La déception est immense, elle aussi à mesure, – montrant au reste que GW Bush n’a pas été un “accident” mais une étape logique de l’évolution américaniste. «Au niveau de la coopération bureaucratique, l’administration Obama est peut-être pire que l’administration Bush, observe une source européenne. Il y a une complète indifférence, un complet désintérêt US pour la coopération avec l’Europe, malgré les réseaux en place, les rencontres des groupes en place qui fourmillent.» On peut dire que la bureaucratie US est à l’image de son président, qui n’éprouve aucun intérêt, voire aucune curiosité pour l’Europe, au point où l’on se demanderait si plutôt qu’une spécificité d’Obama, l’attitude du président ne serait pas plutôt l’expression d’une tendance profonde aux USA. Cette tendance pourrait s’exprimer par le paradoxe qu’alors que les USA sont présents partout dans le monde, rien d’autre que ce qui se passe aux USA ne semble désormais intéresser les USA.
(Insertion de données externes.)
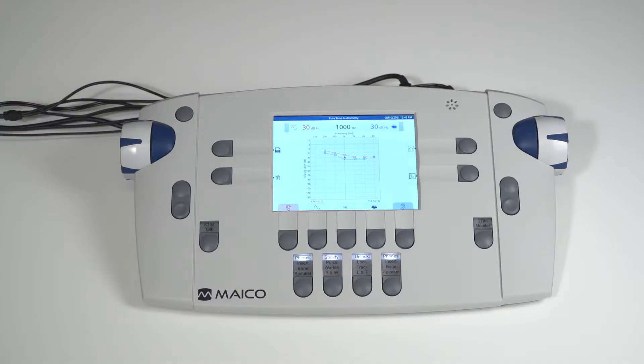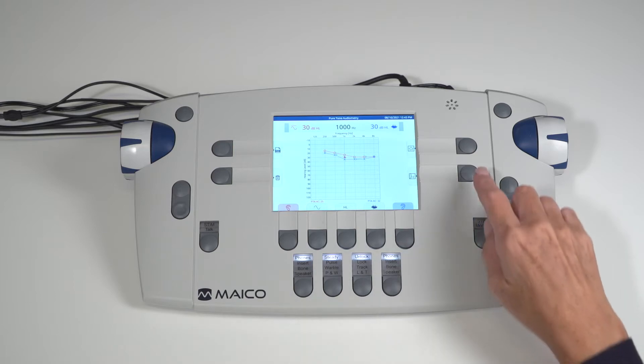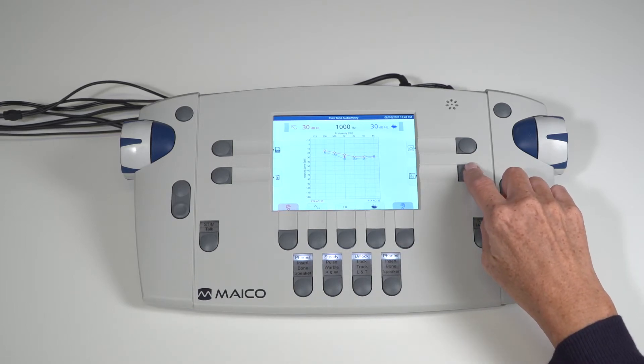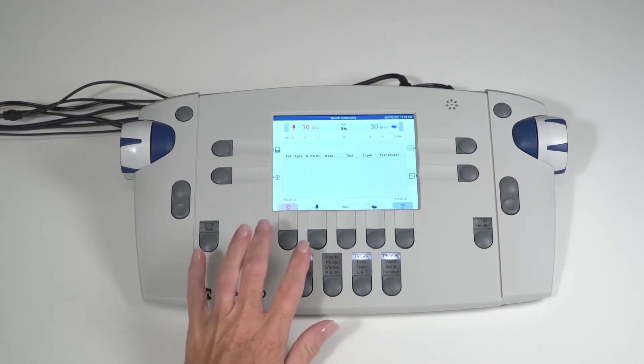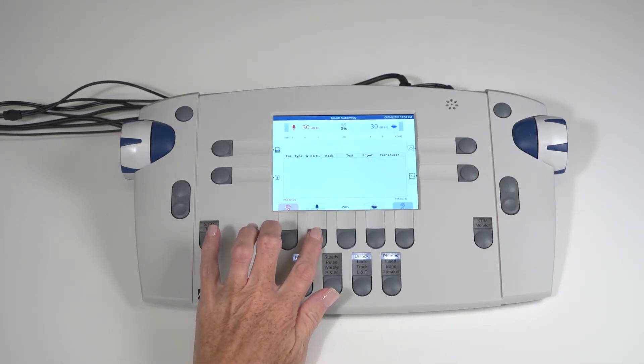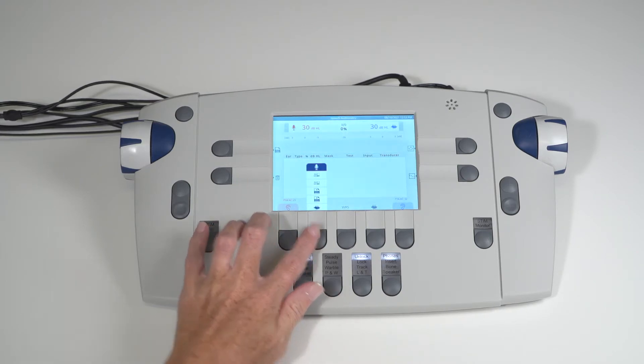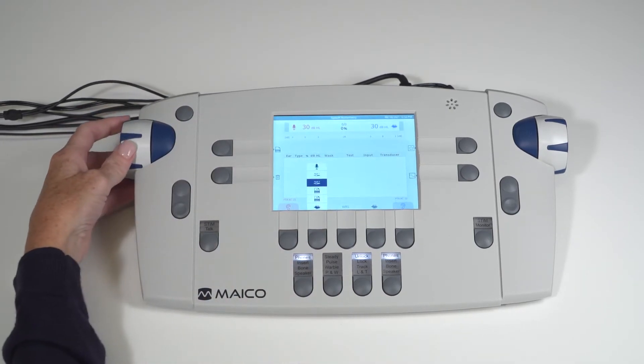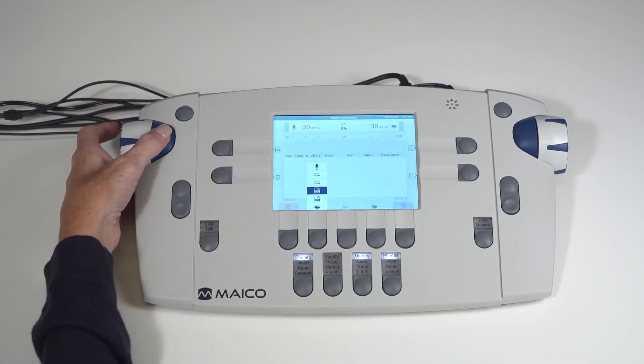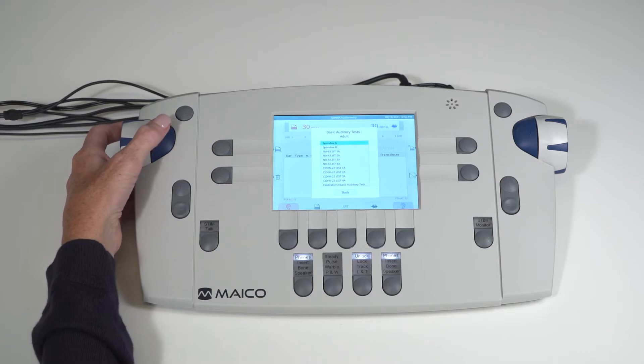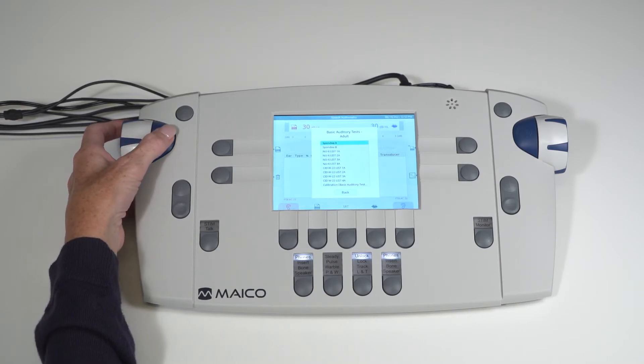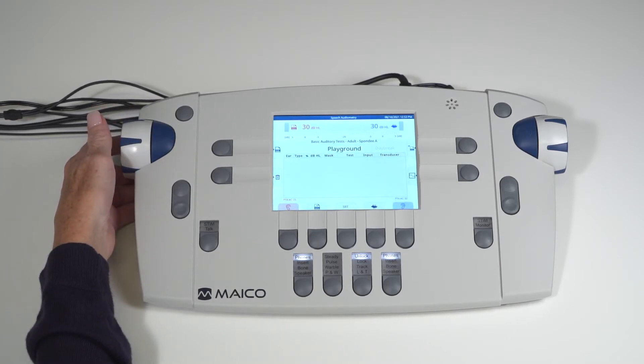Wave files are stored speech lists that are pre-calibrated and stored within the device. To conduct a speech test using wave files, select the speech screen. Then select or verify wave is selected. Wave file menu appears for wave file selection.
D’ores et déjà, il semble possible qu’on s’achemine vers une nouvelle tragi-comédie transatlantique pour le prochain sommet USA-UE, semblable à celle du sommet de mai dernier. Les premières indications montrent qu’Obama semble fort peu désireux, une fois de plus, d’assister à ce sommet, à cause des habituelles “contraintes d’agenda”. Dans les “négociations” en cours sur cette question, la partie US continue à geindre à propos de la complication de l’UE, ce qui finit par exaspérer la bureaucratie européenne. «Les Américains semblent en mode autiste… On comprend que l’UE leur paraisse compliquée, complexe, inefficace, etc., mais ils en sont encore à brandir le traité de Lisbonne en disant qu’ils n’y comprennent rien. Il serait temps qu’ils réalisent que les choses sont comme elles sont, qu’il y a 27 pays, qu’on a élu un président en plus de la présidence tournante des Etats membres, etc. Que cela ne soit ni simple, ni efficace, ni glorieux, n’empêche pas que l’UE existe et cet argument pour expliquer que leur président ne désirerait pas assister au sommet commence à faire usé…»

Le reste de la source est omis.